Early Bird Gets the Boot: Researchers Reclassify Archaeopteryx | The Institute for Creation Research

Early Bird Gets the Boot: Researchers Reclassify Archaeopteryx

Archaeopteryx has long been hailed as a "missing link" between birds and dinosaurs. After a recent analysis of a different fossilized creature, however, Chinese researchers concluded that Archaeopteryx was not the first bird to have evolved, but was instead more like a dinosaur. This new categorization aptly illustrates the unreliability of evolutionary tree analyses.

Archaeopteryx had unique features that distinguish it from most modern birds, including teeth in its beak and a long, narrow tail. But it had core features that define birds, such as flight feathers, wings, perching feet, and a wishbone.

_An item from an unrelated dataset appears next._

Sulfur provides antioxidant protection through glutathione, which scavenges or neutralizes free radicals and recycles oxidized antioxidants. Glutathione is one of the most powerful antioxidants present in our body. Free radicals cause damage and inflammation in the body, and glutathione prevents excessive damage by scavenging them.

Based on these characteristics, scientists have referred to Archaeopteryx as a bird and not a reptile since the late 19th century. One popular book on birds stated that it was an "early bird" from which modern birds later evolved.1 Of course, science has not shown that it evolved from any reptile, or that it evolved into today's birds.2 It had no transitional features like half scale/half feather structures, but instead possessed fully formed flight feathers just like modern flying or gliding birds.

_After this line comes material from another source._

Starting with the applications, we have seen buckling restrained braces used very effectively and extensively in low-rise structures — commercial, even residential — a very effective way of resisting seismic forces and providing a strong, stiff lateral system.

John Morris, president of the Institute for Creation Research, wrote in his 2010 book, The Fossil Record, "It is not enough that Archaeopteryx has some skeletal features in common with reptiles, for so does every bird or mammal alive today. Does this imply relatedness?"3

So what prompted Archaeopteryx's being reassigned from the bird group to a mostly dinosaur grouping? Oddly enough, it happened after a research team reviewed a new fossil found in China… Xiaotingia zhengi…and formulated an evolutionary tree that factored in the new fossil's characteristics. The methods used to manufacture such phylogenetic trees, which show proposed evolutionary relationships, are notoriously subjective, so it's no surprise that the new tree portrayed something quite different from those manufactured by other scientists.4

The Chinese authors published their results in Nature, saying that their analysis of characteristic traits placed Archaeopteryx "within the Deinonychosauria," even though "Archaeopteryx is placed within the Avialae by nearly all numerical phylogenetic analyses."5 In other words, these authors' results went against the consensus and moved Archaeopteryx from a category that included extinct birds to a separate category that included an even more evolution-inspired mixture of mostly dinosaurs with some extinct birds added in.

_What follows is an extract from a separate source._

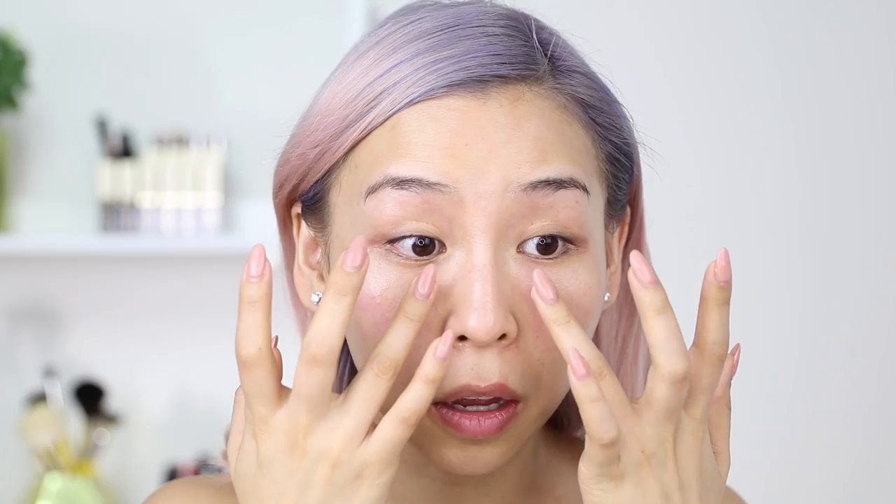Then I'm going to go in with eye cream — this is the Accu Top Rosy Eye Cream. I'm just going to pop that underneath my eyes and tap it in. This is really good for those of you who have dryness or find that your concealer starts to crack or crease. Just apply eye cream over that area before you apply makeup, let it sit for five to ten minutes to fully absorb, then go in with makeup.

Nature News reported, "Analysis of fossil traits suggests that Archaeopteryx is not a bird at all."6 It's as though the scientists somehow found, after 150 years of looking at the fossil specimens, new Archaeopteryx "traits" that indicate it was not a bird after all. But the "analysis" was actually a comparison of a host of tiny skeletal details, all processed through algorithms that were pre-set to show evolutionary relationships even if no such relationships ever existed. This means that the reclassification was based on a study rigged with assumptions instead of straightforward analysis of the particular fossil that was reclassified.

In reality, Archaeopteryx is still just an extinct bird, and it is still not even close to an evolutionary transitional form, which evolution predicts most fossils ought to be. Only among the twisted branches of evolutionary thought can a creature be reclassified to a different taxonomic category not by direct examination of its features, but by an analysis of features from a totally different creature.

References

  1. Perrins, C. 1979. Birds: Their Life, Their Ways, Their World. New York: The Reader's Digest Association, 9.
  2. Gish, D. 1989. As a Transitional Form Archaeopteryx Won't Fly. Acts & Facts. 18 (9).
  3. Morris, J. D. and F. J. Sherwin. 2010. The Fossil Record. Dallas, TX: Institute for Creation Research, 86.
  4. Thomas, B. and F. Sherwin. Darwin's Withering Tree of Life. Acts & Facts. 38 (5): 16.
  5. Xu, X. et al. 2011. An Archaeopteryx-like theropod from China and the origin of Avialae. Nature. 475 (7357): 465-470.
  6. Kaplan, M. Archaeopteryx no longer first bird. Nature News. Posted on nature.com July 27, 2011, accessed July 28, 2011.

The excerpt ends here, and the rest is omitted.